Hi Jeff,

Thanks for all the info!
Then I'll prepare/test a patch that removes this regcprop limitation
and send it out.
I have already tested that this change is enough to make fmo optimize
leela as well.

Manolis

On Fri, Aug 4, 2023 at 7:23 PM Jeff Law <jeffreya...@gmail.com> wrote:
>
>
>
> On 8/4/23 03:52, Manolis Tsamis wrote:
> > Hi all,
> >
> > It is true that regcprop currently does not propagate sp and hence
> > leela is not optimized, but from what I see this should be something
> > we can address.
> >
> > The reason that the propagation fails is this check that I have added
> > when I introduced maybe_copy_reg_attrs:
> >
> > else if (REG_POINTER (new_reg) != REG_POINTER (old_reg))
> >    {
> >      /* Only a single instance of STACK_POINTER_RTX must exist and we cannot
> >         modify it. Allow propagation if REG_POINTER for OLD_REG matches and
> >         don't touch ORIGINAL_REGNO and REG_ATTRS. */
> >      return NULL_RTX;
> >    }
> >
> > To be honest I did add this back then just to be on the safe side of
> > whether a mismatch in REG_POINTER after propagation would be an issue
> > (since the original regcprop had caused enough problems).
> No worries.  Obviously not propagating is the safe thing to do and if we
> find notable missed cases we can always refine the existing code like
> we're considering now.
>
> >
> > I see two ways to solve this and make fmo able to optimize leela as well:
> >   1) Remove the REG_POINTER check in regcprop if that is safe.

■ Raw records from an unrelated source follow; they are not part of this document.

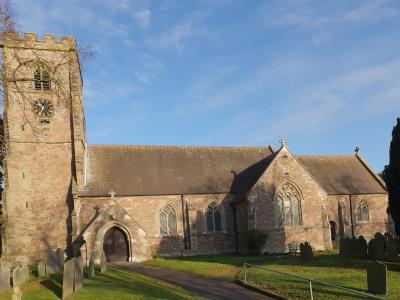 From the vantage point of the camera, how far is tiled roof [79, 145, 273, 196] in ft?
107

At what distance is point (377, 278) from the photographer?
536 inches

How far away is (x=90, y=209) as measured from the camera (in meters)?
30.9

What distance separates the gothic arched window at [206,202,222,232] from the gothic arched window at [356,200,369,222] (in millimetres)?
12913

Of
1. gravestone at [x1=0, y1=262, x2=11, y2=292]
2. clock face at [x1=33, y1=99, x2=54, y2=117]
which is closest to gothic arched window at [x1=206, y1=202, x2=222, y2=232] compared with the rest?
clock face at [x1=33, y1=99, x2=54, y2=117]

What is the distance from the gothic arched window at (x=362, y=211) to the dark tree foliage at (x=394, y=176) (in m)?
14.1

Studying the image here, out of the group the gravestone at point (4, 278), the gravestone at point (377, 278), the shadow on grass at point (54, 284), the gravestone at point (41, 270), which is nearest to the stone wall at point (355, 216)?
the gravestone at point (377, 278)

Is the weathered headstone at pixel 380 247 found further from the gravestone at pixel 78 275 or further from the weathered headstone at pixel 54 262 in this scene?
the weathered headstone at pixel 54 262

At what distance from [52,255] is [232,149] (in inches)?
821

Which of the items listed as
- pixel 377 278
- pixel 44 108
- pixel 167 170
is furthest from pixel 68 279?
pixel 167 170

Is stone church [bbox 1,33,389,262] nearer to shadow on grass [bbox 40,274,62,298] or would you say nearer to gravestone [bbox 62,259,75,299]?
shadow on grass [bbox 40,274,62,298]

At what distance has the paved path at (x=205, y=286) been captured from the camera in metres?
14.6

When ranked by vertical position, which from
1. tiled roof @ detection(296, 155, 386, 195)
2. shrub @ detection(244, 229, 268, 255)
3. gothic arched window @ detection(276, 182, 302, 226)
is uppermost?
tiled roof @ detection(296, 155, 386, 195)

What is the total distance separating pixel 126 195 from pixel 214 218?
7.09 metres

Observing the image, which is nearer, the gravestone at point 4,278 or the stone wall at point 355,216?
the gravestone at point 4,278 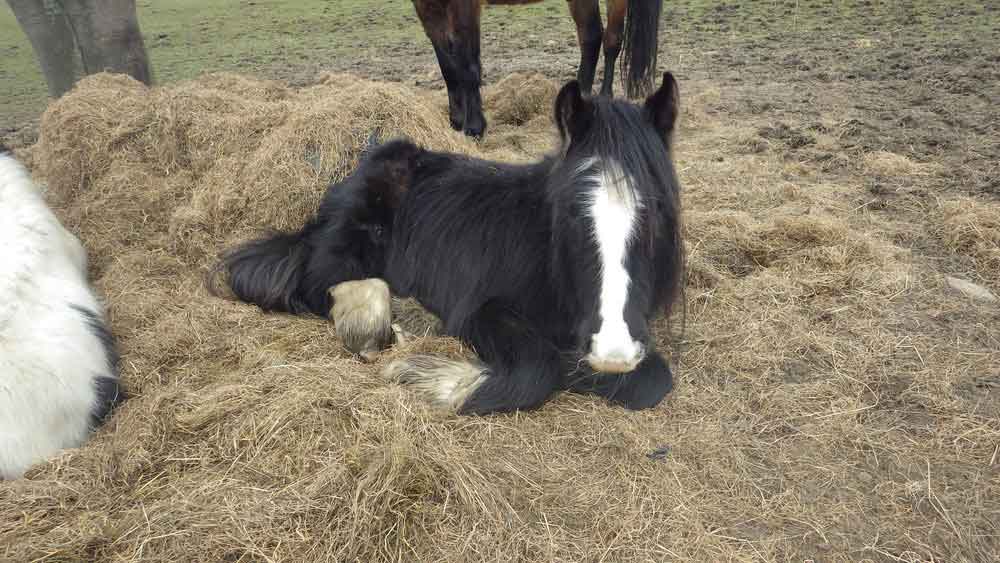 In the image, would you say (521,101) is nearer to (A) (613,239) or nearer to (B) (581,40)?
(B) (581,40)

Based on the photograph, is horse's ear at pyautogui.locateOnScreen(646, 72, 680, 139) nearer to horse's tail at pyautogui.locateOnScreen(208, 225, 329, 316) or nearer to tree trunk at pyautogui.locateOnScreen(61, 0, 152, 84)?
horse's tail at pyautogui.locateOnScreen(208, 225, 329, 316)

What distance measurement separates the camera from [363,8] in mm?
16719

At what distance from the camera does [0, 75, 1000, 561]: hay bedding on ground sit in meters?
→ 1.77

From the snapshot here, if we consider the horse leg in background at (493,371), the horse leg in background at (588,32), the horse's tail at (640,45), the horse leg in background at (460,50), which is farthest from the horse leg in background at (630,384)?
the horse's tail at (640,45)

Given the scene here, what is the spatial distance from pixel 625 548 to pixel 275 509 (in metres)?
1.06

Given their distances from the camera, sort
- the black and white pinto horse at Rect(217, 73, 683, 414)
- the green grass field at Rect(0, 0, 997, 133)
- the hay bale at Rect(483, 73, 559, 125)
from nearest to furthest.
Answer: the black and white pinto horse at Rect(217, 73, 683, 414) → the hay bale at Rect(483, 73, 559, 125) → the green grass field at Rect(0, 0, 997, 133)

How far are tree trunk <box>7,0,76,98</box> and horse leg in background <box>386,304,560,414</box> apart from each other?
274 inches

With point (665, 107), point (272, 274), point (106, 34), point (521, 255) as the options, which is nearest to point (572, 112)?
point (665, 107)

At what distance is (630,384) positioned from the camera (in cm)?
247

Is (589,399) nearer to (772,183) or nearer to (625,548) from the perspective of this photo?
(625,548)

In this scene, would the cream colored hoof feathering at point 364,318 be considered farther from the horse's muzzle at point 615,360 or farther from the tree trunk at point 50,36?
the tree trunk at point 50,36

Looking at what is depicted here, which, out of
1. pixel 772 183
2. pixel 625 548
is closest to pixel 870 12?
pixel 772 183

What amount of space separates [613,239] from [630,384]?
2.42 feet

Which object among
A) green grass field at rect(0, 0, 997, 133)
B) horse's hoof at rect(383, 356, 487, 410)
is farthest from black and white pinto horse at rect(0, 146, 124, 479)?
green grass field at rect(0, 0, 997, 133) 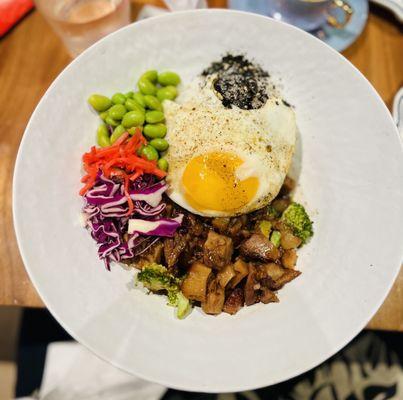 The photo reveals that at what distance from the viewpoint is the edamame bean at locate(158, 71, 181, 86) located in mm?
3047

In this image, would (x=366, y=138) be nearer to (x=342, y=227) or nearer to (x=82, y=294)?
(x=342, y=227)

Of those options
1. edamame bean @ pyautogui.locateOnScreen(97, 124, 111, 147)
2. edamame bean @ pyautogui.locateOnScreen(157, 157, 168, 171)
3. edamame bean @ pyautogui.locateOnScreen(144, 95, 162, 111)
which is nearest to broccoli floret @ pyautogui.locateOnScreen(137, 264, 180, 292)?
edamame bean @ pyautogui.locateOnScreen(157, 157, 168, 171)

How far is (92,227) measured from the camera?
2777 mm

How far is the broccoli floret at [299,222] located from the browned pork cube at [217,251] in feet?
1.58

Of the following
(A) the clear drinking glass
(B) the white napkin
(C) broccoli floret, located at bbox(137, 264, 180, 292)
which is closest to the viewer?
(C) broccoli floret, located at bbox(137, 264, 180, 292)

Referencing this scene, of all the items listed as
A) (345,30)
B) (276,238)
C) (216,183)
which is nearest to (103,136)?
(216,183)

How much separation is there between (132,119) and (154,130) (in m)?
0.17

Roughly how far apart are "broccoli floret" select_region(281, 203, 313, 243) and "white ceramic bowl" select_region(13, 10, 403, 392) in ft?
0.25

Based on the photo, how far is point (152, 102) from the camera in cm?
296

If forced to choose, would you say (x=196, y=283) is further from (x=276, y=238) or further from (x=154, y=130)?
(x=154, y=130)

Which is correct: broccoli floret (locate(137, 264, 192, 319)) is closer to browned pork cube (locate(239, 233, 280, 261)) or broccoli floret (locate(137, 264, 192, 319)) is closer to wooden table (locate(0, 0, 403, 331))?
browned pork cube (locate(239, 233, 280, 261))

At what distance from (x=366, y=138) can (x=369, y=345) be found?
7.43ft

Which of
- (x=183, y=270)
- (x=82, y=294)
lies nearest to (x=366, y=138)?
(x=183, y=270)

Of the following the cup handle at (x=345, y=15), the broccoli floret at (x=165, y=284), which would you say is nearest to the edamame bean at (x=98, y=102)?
the broccoli floret at (x=165, y=284) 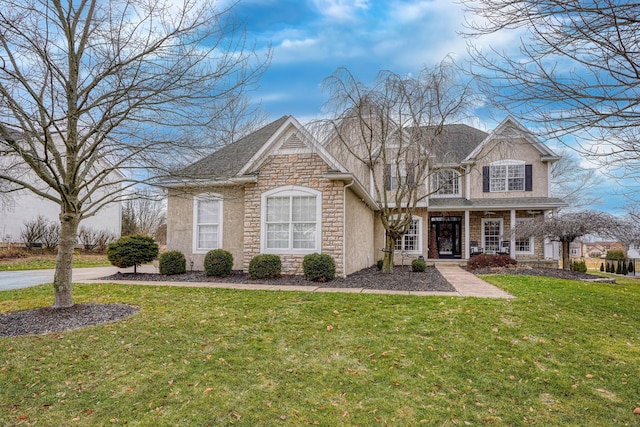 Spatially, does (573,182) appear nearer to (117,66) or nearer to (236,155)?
(236,155)

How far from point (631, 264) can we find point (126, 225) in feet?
110

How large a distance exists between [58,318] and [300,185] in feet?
23.1

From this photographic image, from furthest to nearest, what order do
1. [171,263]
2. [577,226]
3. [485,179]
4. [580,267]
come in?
1. [485,179]
2. [580,267]
3. [577,226]
4. [171,263]

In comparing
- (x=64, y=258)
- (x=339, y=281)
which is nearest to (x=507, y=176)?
(x=339, y=281)

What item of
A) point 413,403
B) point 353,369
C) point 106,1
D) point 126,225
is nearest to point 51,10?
point 106,1

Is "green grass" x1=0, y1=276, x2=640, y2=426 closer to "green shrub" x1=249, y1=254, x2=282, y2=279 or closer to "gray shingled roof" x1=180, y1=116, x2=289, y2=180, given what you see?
"green shrub" x1=249, y1=254, x2=282, y2=279

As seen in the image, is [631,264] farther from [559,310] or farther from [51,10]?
[51,10]

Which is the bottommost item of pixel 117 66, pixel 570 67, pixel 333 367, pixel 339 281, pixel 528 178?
pixel 333 367

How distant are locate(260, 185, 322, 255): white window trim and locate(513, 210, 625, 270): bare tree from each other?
946 cm

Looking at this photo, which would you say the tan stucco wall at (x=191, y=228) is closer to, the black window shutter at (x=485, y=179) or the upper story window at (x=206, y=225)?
the upper story window at (x=206, y=225)

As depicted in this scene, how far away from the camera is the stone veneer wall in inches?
440

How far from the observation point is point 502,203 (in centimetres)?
1823

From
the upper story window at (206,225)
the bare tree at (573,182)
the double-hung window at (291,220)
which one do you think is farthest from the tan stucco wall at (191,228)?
the bare tree at (573,182)

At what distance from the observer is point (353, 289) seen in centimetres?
931
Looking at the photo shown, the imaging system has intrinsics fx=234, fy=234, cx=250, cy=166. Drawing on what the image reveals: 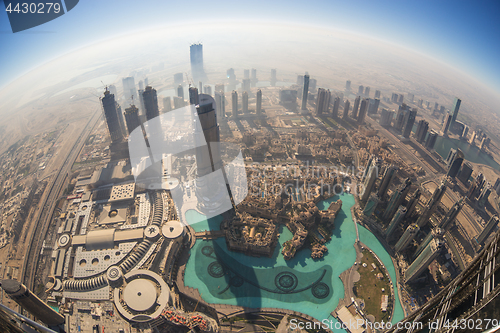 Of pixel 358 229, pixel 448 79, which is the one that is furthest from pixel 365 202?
pixel 448 79

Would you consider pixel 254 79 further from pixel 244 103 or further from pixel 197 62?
pixel 244 103

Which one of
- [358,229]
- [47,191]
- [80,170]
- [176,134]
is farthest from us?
[176,134]

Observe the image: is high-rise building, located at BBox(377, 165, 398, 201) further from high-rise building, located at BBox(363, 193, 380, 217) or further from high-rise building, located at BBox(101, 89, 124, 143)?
high-rise building, located at BBox(101, 89, 124, 143)

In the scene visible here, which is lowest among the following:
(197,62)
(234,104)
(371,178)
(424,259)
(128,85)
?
(424,259)

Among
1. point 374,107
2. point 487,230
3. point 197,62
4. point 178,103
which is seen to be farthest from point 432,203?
point 197,62

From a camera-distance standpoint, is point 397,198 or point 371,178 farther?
point 371,178

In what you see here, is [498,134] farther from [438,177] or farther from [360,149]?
[360,149]

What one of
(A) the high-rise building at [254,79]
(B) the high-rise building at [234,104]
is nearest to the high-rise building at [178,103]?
(B) the high-rise building at [234,104] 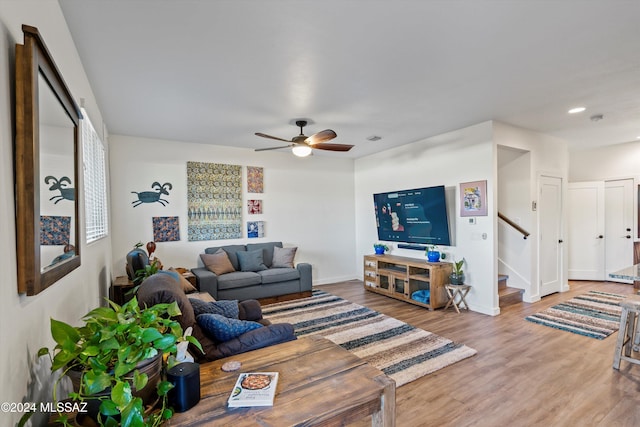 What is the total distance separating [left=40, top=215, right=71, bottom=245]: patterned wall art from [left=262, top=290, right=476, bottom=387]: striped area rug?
2.56 m

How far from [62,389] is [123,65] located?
2.39 m

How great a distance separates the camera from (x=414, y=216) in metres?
5.25

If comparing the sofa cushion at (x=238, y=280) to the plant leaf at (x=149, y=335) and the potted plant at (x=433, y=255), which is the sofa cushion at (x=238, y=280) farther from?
the plant leaf at (x=149, y=335)

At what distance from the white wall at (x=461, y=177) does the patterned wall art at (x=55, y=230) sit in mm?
4507

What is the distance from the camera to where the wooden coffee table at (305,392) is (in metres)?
1.06

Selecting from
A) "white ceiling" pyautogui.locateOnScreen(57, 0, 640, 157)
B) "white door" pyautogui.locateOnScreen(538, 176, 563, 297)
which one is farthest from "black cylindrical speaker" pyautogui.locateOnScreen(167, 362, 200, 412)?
"white door" pyautogui.locateOnScreen(538, 176, 563, 297)

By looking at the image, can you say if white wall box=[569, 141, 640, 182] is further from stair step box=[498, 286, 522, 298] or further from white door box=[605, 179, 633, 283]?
stair step box=[498, 286, 522, 298]

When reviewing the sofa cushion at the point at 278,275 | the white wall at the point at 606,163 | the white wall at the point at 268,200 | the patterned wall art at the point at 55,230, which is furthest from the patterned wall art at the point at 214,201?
the white wall at the point at 606,163

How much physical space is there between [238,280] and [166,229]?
4.92 feet

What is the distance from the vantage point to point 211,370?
1.38 m

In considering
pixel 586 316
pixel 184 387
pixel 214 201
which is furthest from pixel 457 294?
pixel 184 387

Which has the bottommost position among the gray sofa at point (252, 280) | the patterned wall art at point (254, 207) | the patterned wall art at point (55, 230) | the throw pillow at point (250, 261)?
the gray sofa at point (252, 280)

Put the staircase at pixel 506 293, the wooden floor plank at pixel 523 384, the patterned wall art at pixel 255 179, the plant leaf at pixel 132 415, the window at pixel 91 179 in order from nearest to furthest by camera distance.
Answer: the plant leaf at pixel 132 415 → the wooden floor plank at pixel 523 384 → the window at pixel 91 179 → the staircase at pixel 506 293 → the patterned wall art at pixel 255 179

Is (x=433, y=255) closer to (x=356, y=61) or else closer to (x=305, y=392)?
(x=356, y=61) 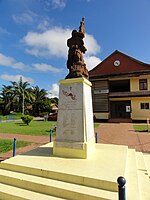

My
> > understanding is that REG_POINTER is used as a hint and there would be
> > no correctness issues.
> REG_POINTER is meant to be conservatively correct.  If REG_POINTER is
> set, then the register must be a pointer to a valid memory location.  If
> REG_POINTER is not set, then it may or may not point to a valid memory
> location.  sp, fp, ap are by definition pointers and thus have
> REG_POINTER set.
>
> With that definition we can safely copy propagate away an sp->gpr copy
> from a REG_POINTER standpoint.
>
>
>
>
>
>
>
>
>
>
> >   2) Mark the corresponding registers with REG_POINTER. I'm not sure
> > where that is supposed to happen.
> >
> > Since the instructions look like this:
> >    (insn 113 11 16 2 (set (reg:DI 15 a5 [226])
> >            (reg/f:DI 2 sp)) 179 {*movdi_64bit}
> >         (nil))
> >
> > I assume that we'd want to mark a5 as REG_POINTER anyway (which is
> > not), and in that case propagation would work.
> I'd strongly recommend against that.  The problem is the destination
> register might have been used in another context as an index register.
> We've fixed a few bugs in this space through the years I suspect there
> may be others lurking.  You can't directly set that up in C code, but
> once you get down to RTL it can happen.
>
>
> > On the other hand if there's no correctness issue w.r.t. REG_POINTER
> > and regcprop then removing the additional check would increase
> > propagation opportunities in general which is also good.
> I think you can safely remove this limitation.